As time goes on, sustained efforts towards a goal will always trend towards improvement. Sometimes there will be plateaus (or like me, you need to do more research and become deliberate with your actions), but when these come and progress stalls, it’s time to go back to the drawing board. Re-evaluate your goals and inputs.

What got you to your current position may not be what gets you to where you want to be in the future.

We are all striving to become the best version of ourselves, but it’s a goal we’ll never achieve. The goalposts are always moving and the inputs required are constantly changing.

We strive to become 100% content with who we are and what we’ve accomplished. But every time we reach a new high, there is something else that could be better or needs improvement.

In a study from the University of Ottawa on Olympic gold medal winners, almost all the athletes wanted to top their previous performance immediately after winning a gold medal. One athlete in the study said,

“After I won my first medal I wanted to be the first person to win three medals in the same Olympics”.

Even after being labeled the best in the world, athletes can’t resist setting bigger and better goals. It’s human nature.

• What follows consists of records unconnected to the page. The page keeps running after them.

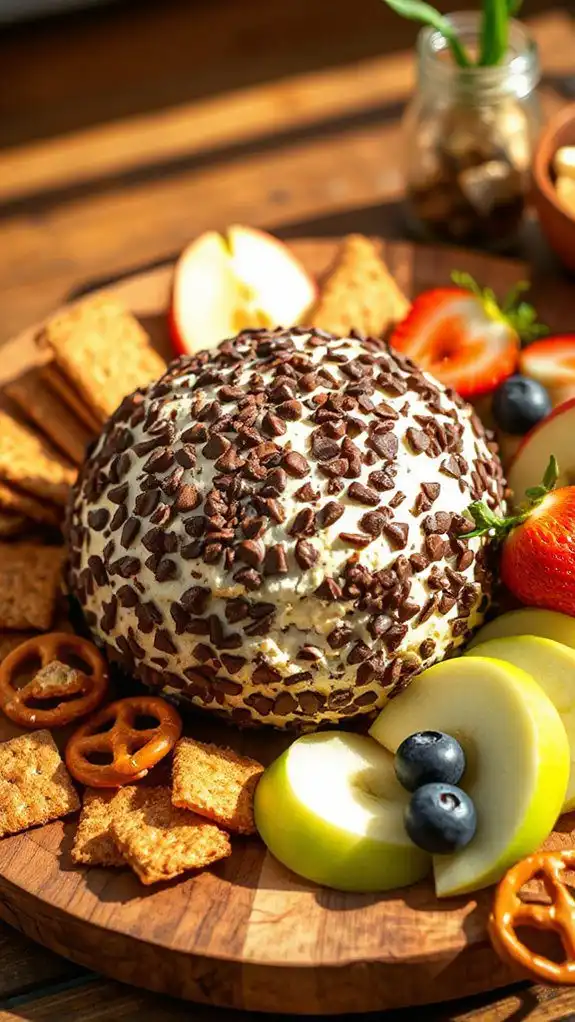 easter chocolate chip cheeseball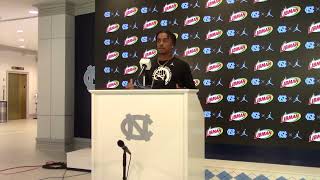 UNC Football WR Josh Downs FAMU Week Interview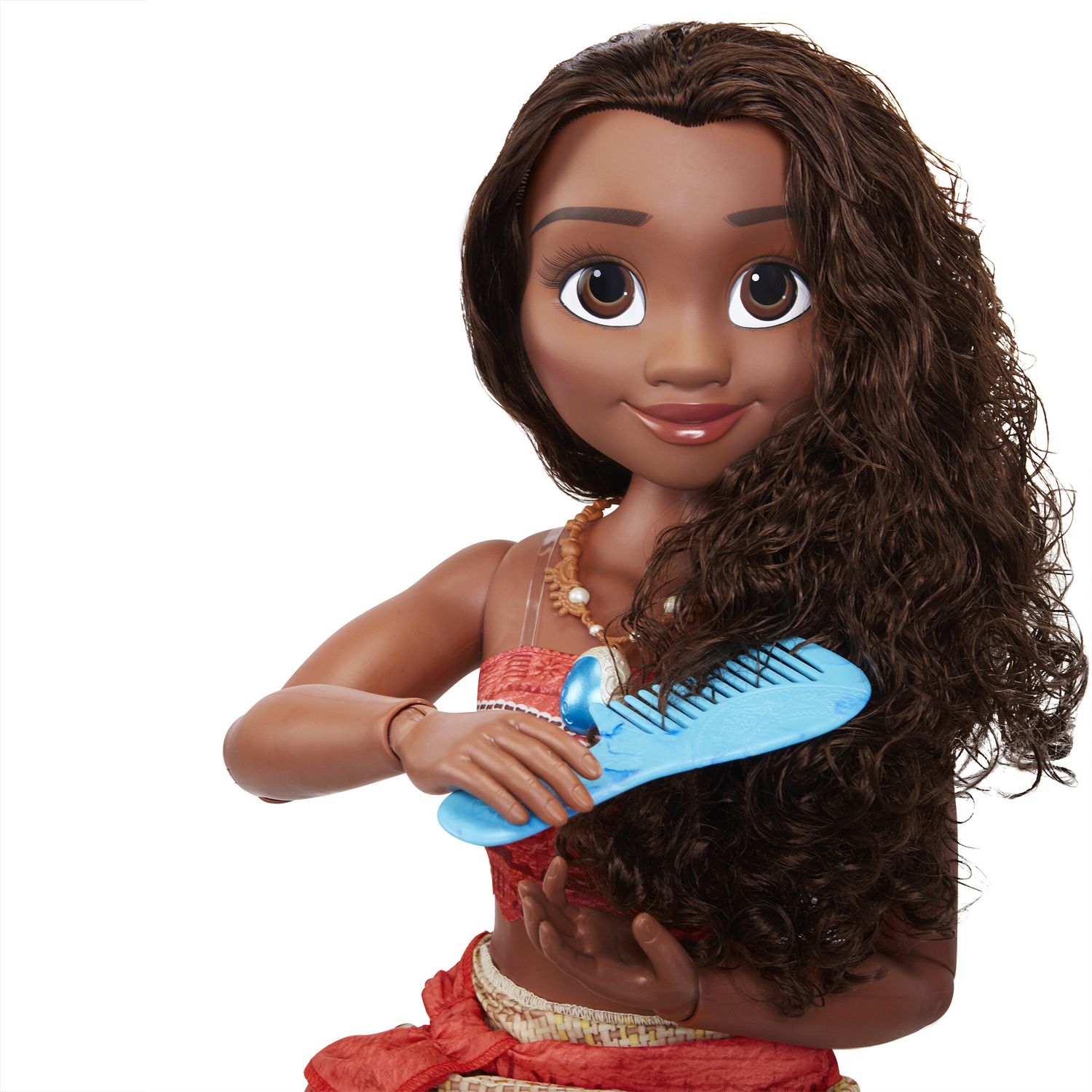 Oceania 2 - playdate vaiana 81 cm, snodabile con capelli lunghi e accessori - DISNEY PRINCESS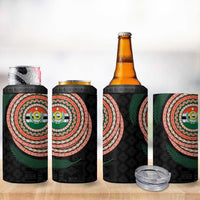 Penama Tribal Tattoo with Namele Leaves 4 in 1 Can Cooler Tumbler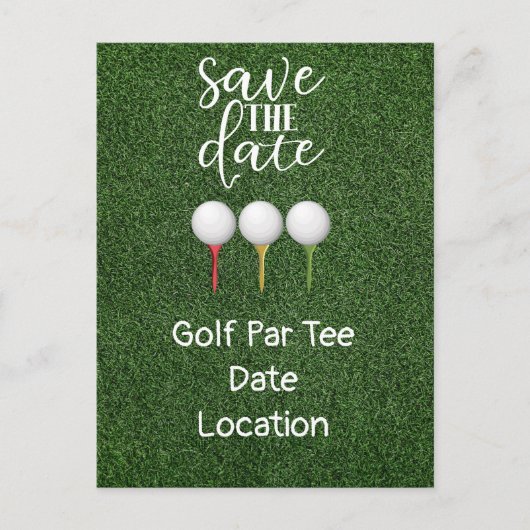 Golf Let's Par t-shirt met golfbal op t-shirt Uitnodiging Briefkaart (Voorkant)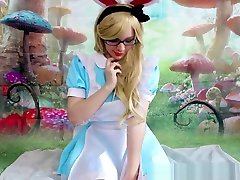 teen Alice cosplay ones girl - fingering, anal, dildo riding, & more!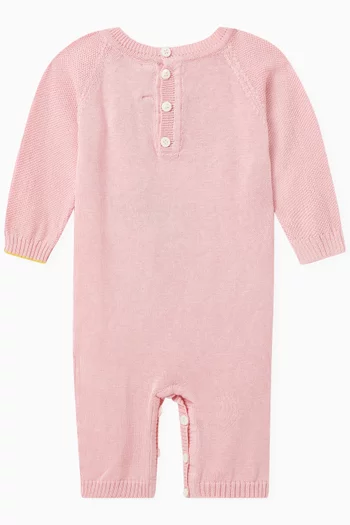 Alpaca Romper in Silk-cotton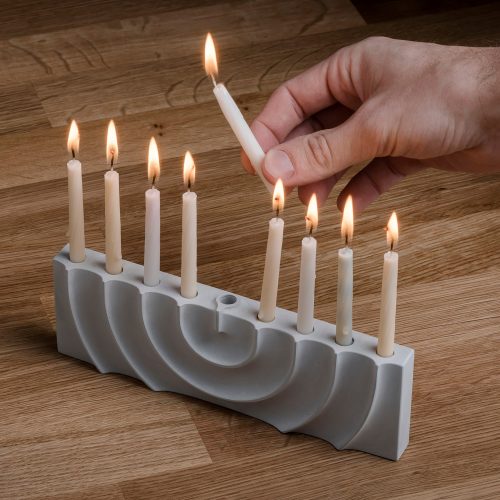 Ripple Menorah - Gessato Design Store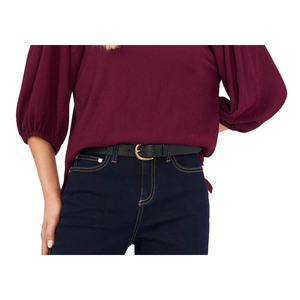 Top casual da donna in maglia nera con maniche a sbuffo, lunghezza media, taglia M, per l'estate, di Vince Camuto - Product Image 5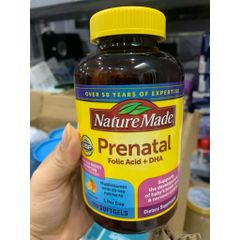 Vitamin tổng hợp bầu Nature Made Prenatal Folic Acid - Bổ sung vitamin và khoáng chất thiết yếu cho mẹ bầu và thai nhi khỏe mạnh
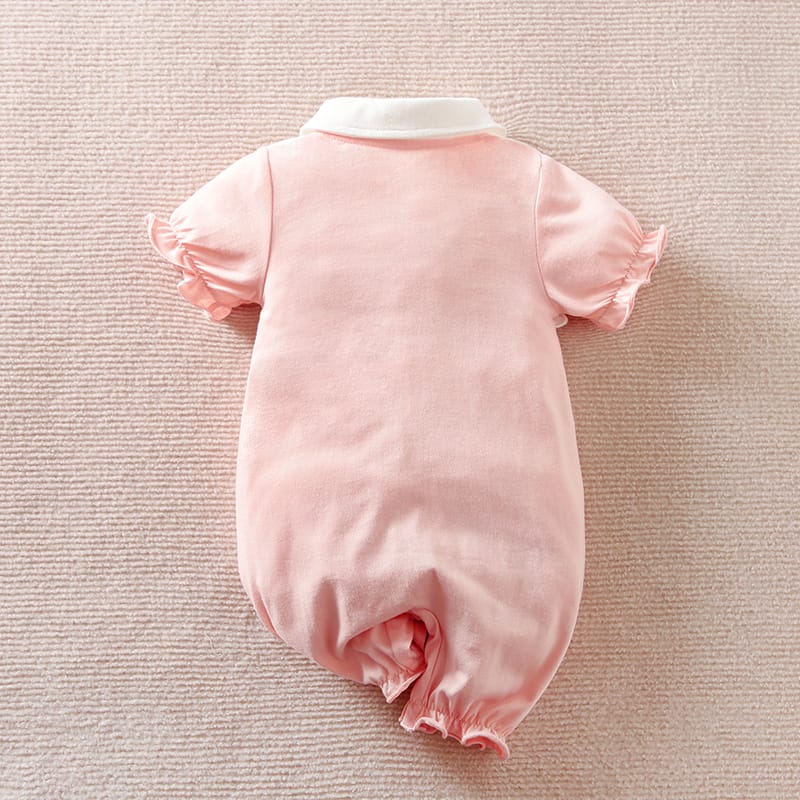 Pink Pocket Style Baby Girl Romper 7 - Minitaq baby kids clothes dress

This natural drive applies to every piece of our lives, not just athletics. When relationships reach their strongest point, we crave an even deeper connection. When we’ve made more money than we could spend in a lifetime, we invest it so our wealth continues to grow.

No one will ever achieve perfection, but fighting to get better every day will foster amazing growth over time.

Progress won’t be easy. There will be plateaus, setbacks, and collapses, but consistent deliberate action compounded over weeks, months, and years is guaranteed to move you closer towards the best version of yourself.